In 1969, George said that it was “maybe” “probably” written for his wife, Pattie: “David: What inspired ‘Something’ for example? George: Maybe Pattie, probably. David: Really? George: I wrote it at the time when we were making the last double album.” [86] And Pattie said that George “told me, in a matter-of-fact way, that he had written it for me.” [87] Later, he strongly denied that it was about Pattie. “Now, you wrote that about Pattie, is that right? Well no, I didn’t. . . . everybody presumed I wrote it about Pattie, but actually, when I wrote it, I was thinking of Ray Charles.” [88]
It was evidently influenced, in its first line, by a James Taylor song named “Something In The Way She Moves,” which would appear on Taylor’s first album in December 1968. George had heard the song because Taylor was an Apple artist. The two songs are not otherwise similar, musically or lyrically. He admitted the influence in 1969,
“Something” is a song of mine I wrote towards the end of . . . the White Album. . . . But I never finished it off. I could never think of words for it. And, um, also because there was a James Taylor song called ‘Something In The Way She Moves,’ which is the first line of that. [89]
George recorded a demo of this on February 25, 1969; it is available on Anthology 3 .
Maxwell’s Silver Hammer — (McCartney)
(lead vocals: Paul) (recorded July 9–11 and August 6, 1969)
Paul wrote this during the White Album sessions, and it was almost recorded for that album. [90] It was another of Paul’s “fantasy songs” with fictitious characters. [91] Its gleefully macabre humor makes it a McCartney song “against type,” in one sense, but Paul’s humor could always lean toward the surreal. In 1995 Paul gave a surprisingly serious explanation of the song’s philosophy: “‘Maxwell’s Silver Hammer’ is my analogy for when something goes wrong out of the blue, as it so often does, as I was beginning to find out at that time in my life.” [92]
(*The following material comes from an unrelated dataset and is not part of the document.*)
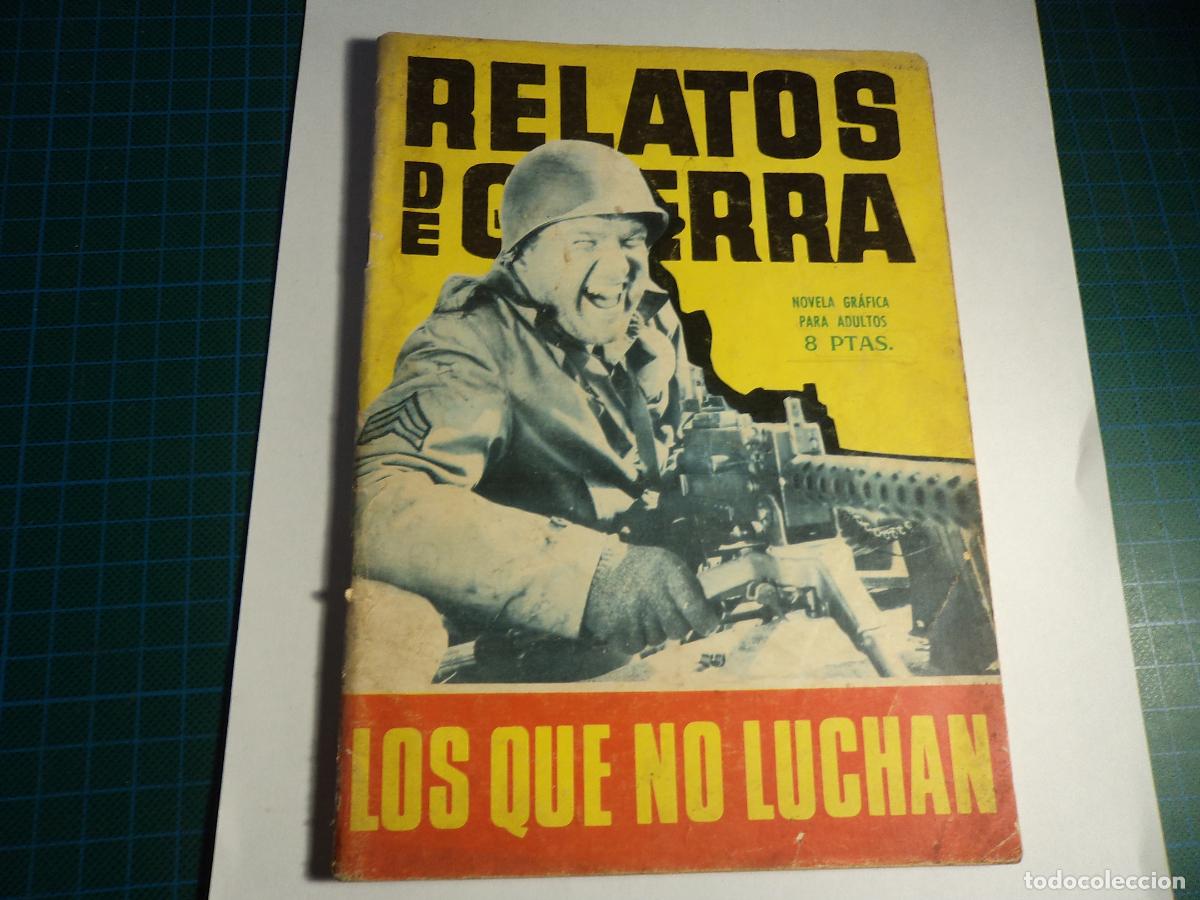 Tebeos: Relatos de guerra. N&ordm; 118. Toray. - Foto 1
According to Linda, the song’s story reflects the influence of avant-garde dramatist Alfred Jarry. [93] Paul used Jarry’s word “Pataphysical” (the next step beyond metaphysical) in the lyrics.
This was performed during the Get Back sessions, on January 3, 7, 8 and 10. [94] The movie Let It Be shows some rehearsals of the song.
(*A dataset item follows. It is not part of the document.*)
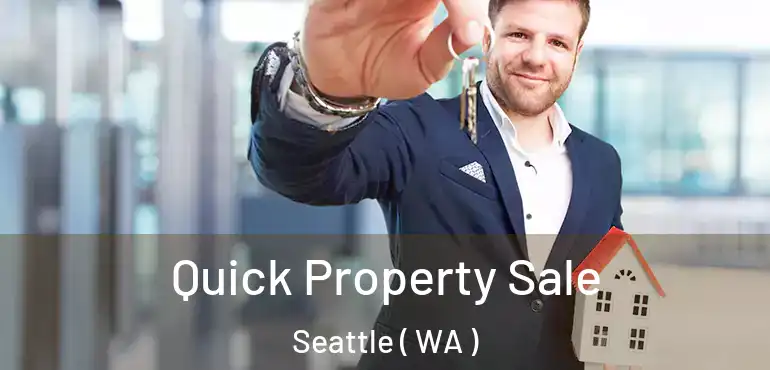 Quick Property Sale Seattle ( WA )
Paul, John and George all ascribed “Maxwell” to Paul. John called it “a typical McCartney sing-a-long.” [95]
In Beatle lore, this song is remembered primarily as the focus for attacks by the other Beatles, and the time it took to record it. John said, in 1980, “That’s Paul’s. I hate it. ‘Cause all I remember is the track — he made us do it one hundred million times.” [96] (Strangely enough, given this quote, John did not perform on the song. [97] ) Ringo turned the three days into “It went on for fucking weeks.” [98] Actually, it took two days to record, and part of another; the third day was divided between “Maxwell” and two other songs. [99] Winn thinks John may be referring to the Get Back sessions, but this seems unlikely, as the song was only rehearsed for a few days in those sessions, many other songs were rehearsed on the same days, and it did not end up on the Let It Be album. [100]
Oh! Darling — (McCartney)
(lead vocals: Paul) (recorded April 20 to August 11, 1969)
The Beatles began to play this song during the Get Back rehearsals. [101] Like many Beatles songs, it was modeled on black rhythm and blues performance. [102]
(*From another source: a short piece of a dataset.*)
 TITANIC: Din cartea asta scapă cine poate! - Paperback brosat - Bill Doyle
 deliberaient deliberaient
Paul has never commented on writing this song, but he sings the lead, and has made proprietary comments on performing the song. In an early interview, he said that when he was recording the vocals, he came to the studio early every day to sing it by himself, as he wanted his voice to sound strained, “as though I’d been performing it on stage all week.” [103] As there wasn’t a lot of melody or “chordal magnificence” in the song, he felt he had to turn in a really good performance to bring it to life. [104]
One person who frankly thought that Paul had failed in this objective was John, who said that Paul “didn’t sing it too well. . . . He wrote it, so what the hell, he’s going to sing it. If he’d had any sense, he should have let me sing it. [Laughing ]” [105]
“‘Oh! Darling’ was a great one of Paul’s,” he said in 1980. [106]
Octopus’s Garden — (Starkey-Harrison)
(lead vocals: Ringo) (recorded April 26 to July 18, 1969)
On August 22, 1968, during the White Album sessions, Ringo had a moment of despair, and decided to leave the Beatles. After announcing his decision to John and Paul, he left for Sardinia with his family. While he was there, a sea captain began telling him stories of octopi. [107] “He told me all about octopuses,” Ringo said in 1981, “how they go round the sea bed and pick up stones and shiny objects and build gardens. I thought, ‘How fabulous!’ ’cause at the time I just wanted to be under the sea, too. I wanted to get out of it for a while.” [108] (Ringo returned to the group about a week later.)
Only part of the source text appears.